# spine selection for fingers



## kwhit (Jan 8, 2010)

*Easton's chart*

My past use has always been that they recomend a "STIFF" arrow shaft.. I have had to DROP BACK one size a number of times over the years..recurve & compound...longbow was ''spot on'' with chart :confused3: I would say go with what you have seen with own shooting and shoot the 500's ! I'm shooting Gt's 55/75's @ 58#..Gt's chart says 75/95 for my way of ''SHOOTIN' "
:teeth:


----------



## rambofirstblood (Jan 11, 2010)

Use what works for you and your set-up.

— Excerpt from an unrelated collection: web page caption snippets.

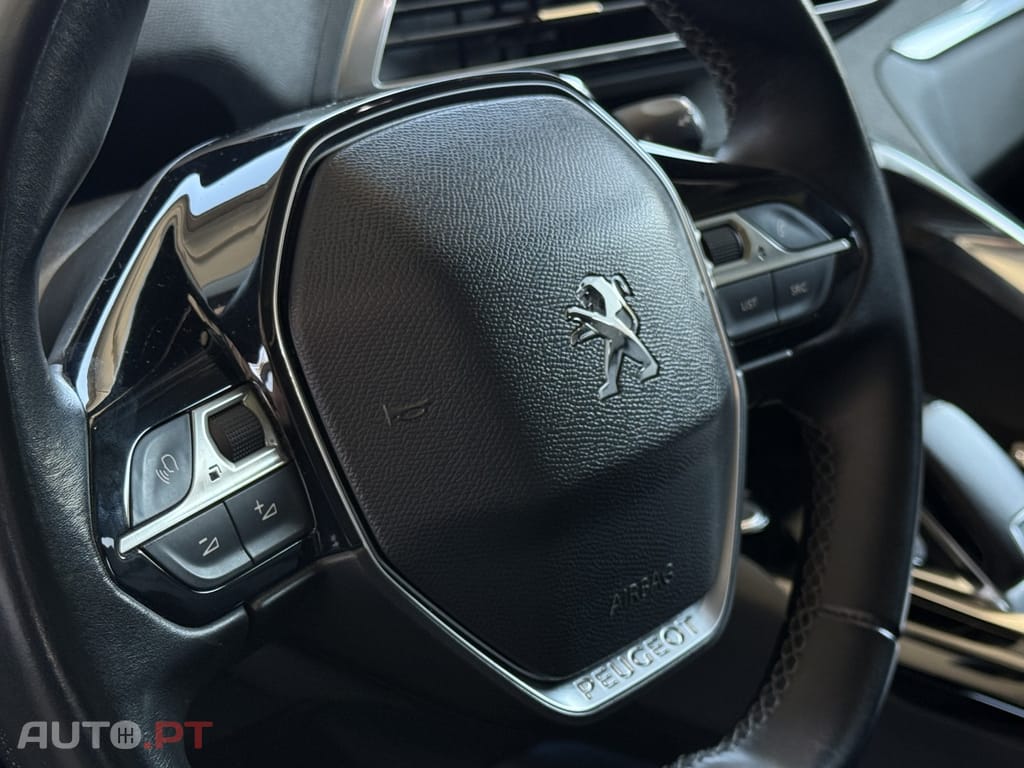 Peugeot 3008 1.2 PureTech Allure EAT8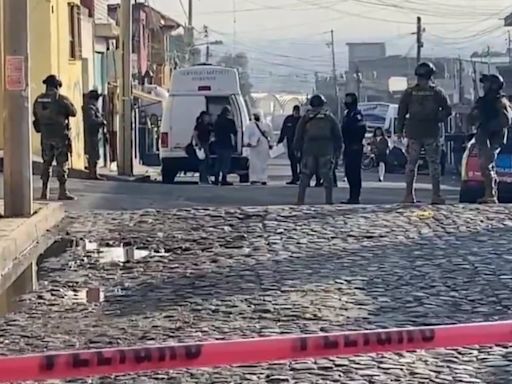 Abandonan hieleras con restos humanos frente a viviendas vinculadas con ‘El Grillo’, líder criminal de Puebla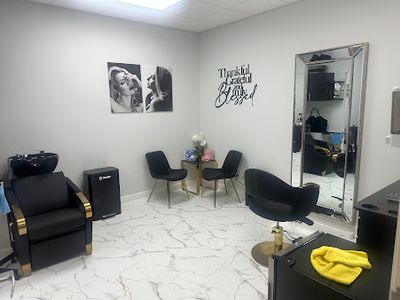 Delfis Salon (Dominican Hair Stylist)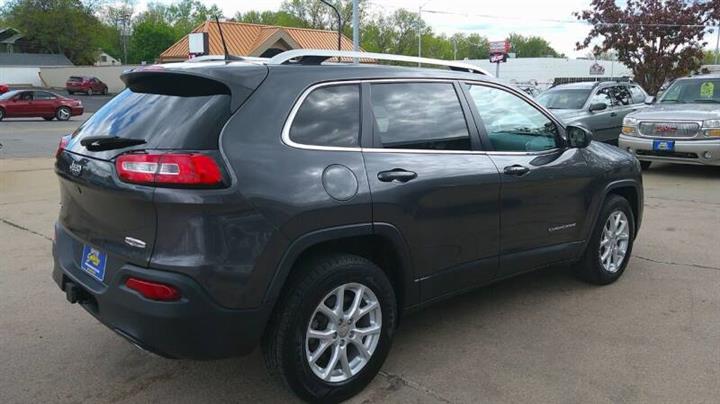 $14999 : 2016 Cherokee Latitude image 7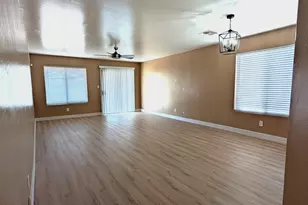 13216 W Mauna Loa Ln, Surprise, AZ 85379 - Photo 8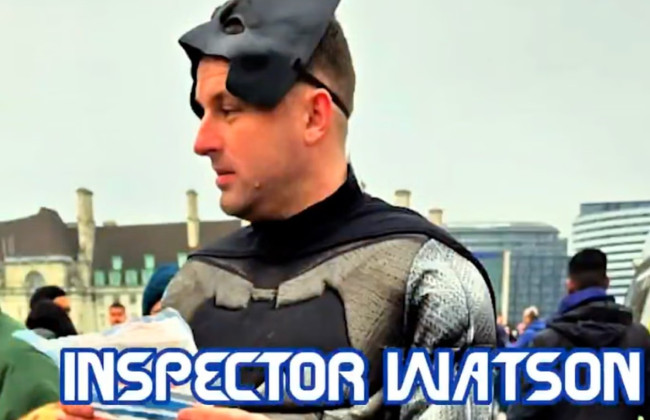 Бэтмен и Робин в поисках мошенников в Лондоне – как прошла операция правоохранителей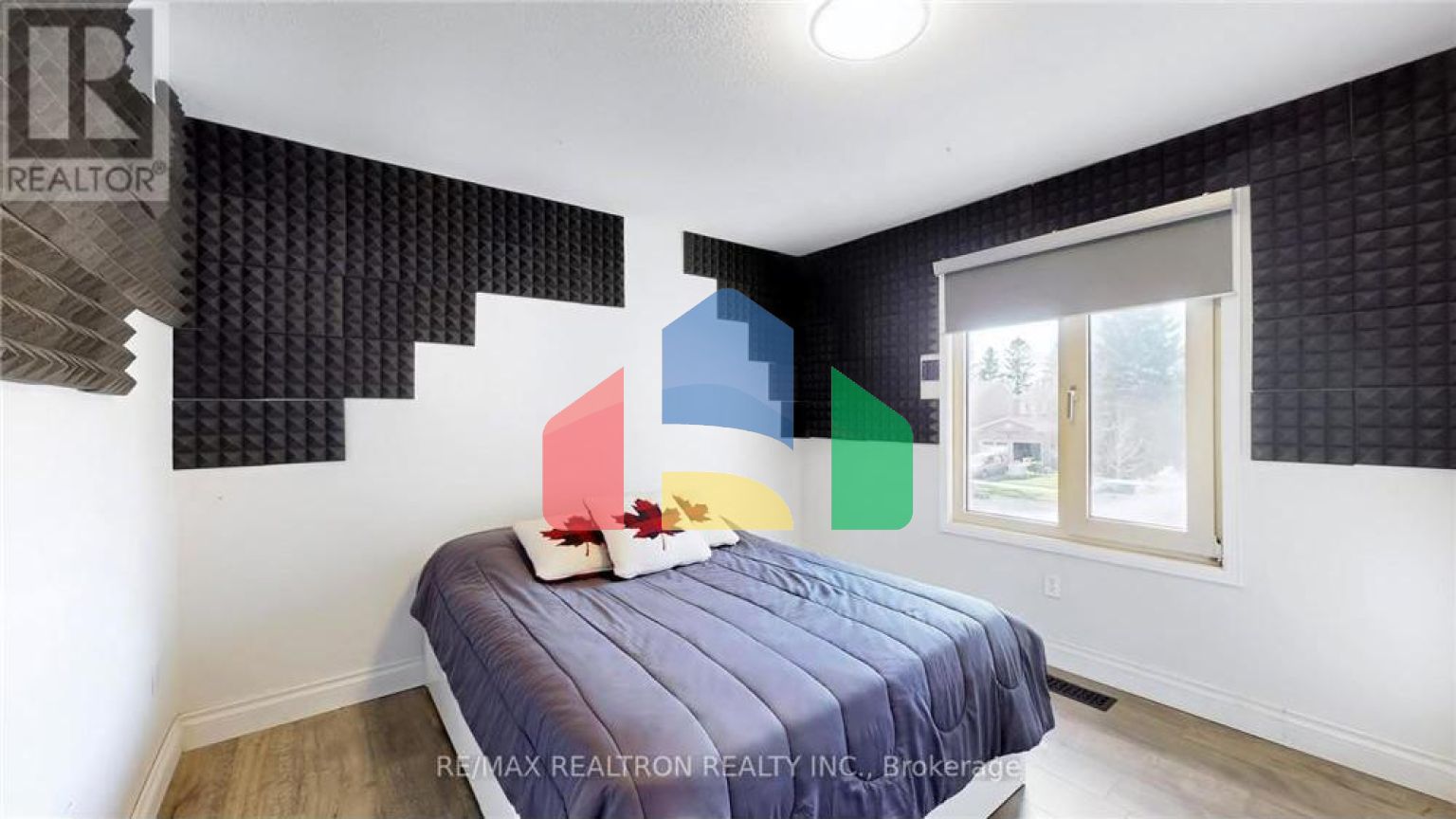 Residential - Single Family Home - Newmarket, Canada - Canada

I always end up with a weaker spine than recommended.


----------



## Harperman (Sep 3, 2006)

I dont want to give anyone bad advice, but I've found the Easton charts to be way off for Me.....The Easton chart seems to be almost 10# too stiff for ME....I got .500 spine arrows (with 4" vanes, and 100 grain points w/ glue in inserts) to paper tune a bullet hole, and shoot bare shaft well, cut at 27" B.O.P., and 28" draw, out of a hard cammed 62# bow....This was a PSE X-Force....I find that a too-stiff arrow seems more forgiving, but getting them to tune correctly and easily, without shooting the bow too far into Centershot is a pain in the rear...I "Think" that at Your draw length, and bow poundage , that a .500 spine arrow will suit You well.....Hope this helps.......Jim


----------



## dragonheart (Jul 18, 2008)

*Easton Chart*

In looking at the chart, if you do not have at least an inch in front of the furthest most portion of the arrow rest, you make the arrow very stiff. many people cut their arrow right at the arrow rest, this creates a very stiff arrow.


----------



## Harperman (Sep 3, 2006)

dragonheart said:


> In looking at the chart, if you do not have at least an inch in front of the furthest most portion of the arrow rest, you make the arrow very stiff. many people cut their arrow right at the arrow rest, this creates a very stiff arrow.


..I agree, it seems that since I'm so hard-headed, it took me a while to figure this one out!...L.O.L....Arrows are also more forgiving if they arent cut to the rest....Even still, though, an extra inch doesnt seem to make much difference for Me for changing spine....Easton says to add 5 pounds for Fingers release, but I'm not convinced that adding weight for Fingers is needed, because the Easton charts are on the stiff side anyway....Jim


----------



## mick uk (Sep 9, 2006)

*Thanks for the info*

Thanks for the info chaps. Ordered my 500's today.
out of interest is there another spine chart out there that i can compare with the easton chart. I have never had the problem of weak shafts from Easton chart.Looks to me they are airing on the side of safety over speed..
Thanks Mick


----------



## rambofirstblood (Jan 11, 2010)

I dont know of a different chart, My experience has been much like Harperman's. Maybe because our finger release is so buttery smooth :shade:
I think the .500 spine will work out for you. Let us know.


----------



## mick uk (Sep 9, 2006)

Got let down by my supplier with the 500's today, if i hadn't called them this morning i'd still be waiting for them to arrive.. Anyhow got some inserts and 125 points from a friend.. going to wind the bow down to 50# and work up, if they should tune now, just heavier than i'd like. They will be around 415grn what's the opinion on this kind off arrow weight for 3D, out of a 50#/55# Drenalin LD

Cheers for the info guys


----------



## stonecold_1966 (Jan 28, 2008)

Mick

I shoot a Monster 7, Monster Bows Dragon and a Merlin XT all at 55-57lb - 28" draw and 400 spine arrows with 80 grain up front come out like bullets.

I found 500's OK up to around 50lb but they were no use at any more than that, if your in the UK I have loads of different brand 400 spine carbons you could borrow to try if you need.


----------



## mick uk (Sep 9, 2006)

*Is that Steve*

Thanks for the offer steve.. I have a shed load of 400's. 
I put 145grn up front on sunday and they came in spine at 53# and at 415grn's they fly like cabers, so i reckon 500's with 80grn should fit the bill. Looks like Light Speeds are my only Easton option, but the have G nocks now and i wanted super nocks, and Redlines have been disscontinued. Any one used Gold tip arrows, they seem to have a good selection and i like the adjustable piont.

Thanks all mick uk (kirk)


----------



## fuelracerpat (May 6, 2008)

The Easton Flatlines are essentially the lightspeed without the uni-bushing


----------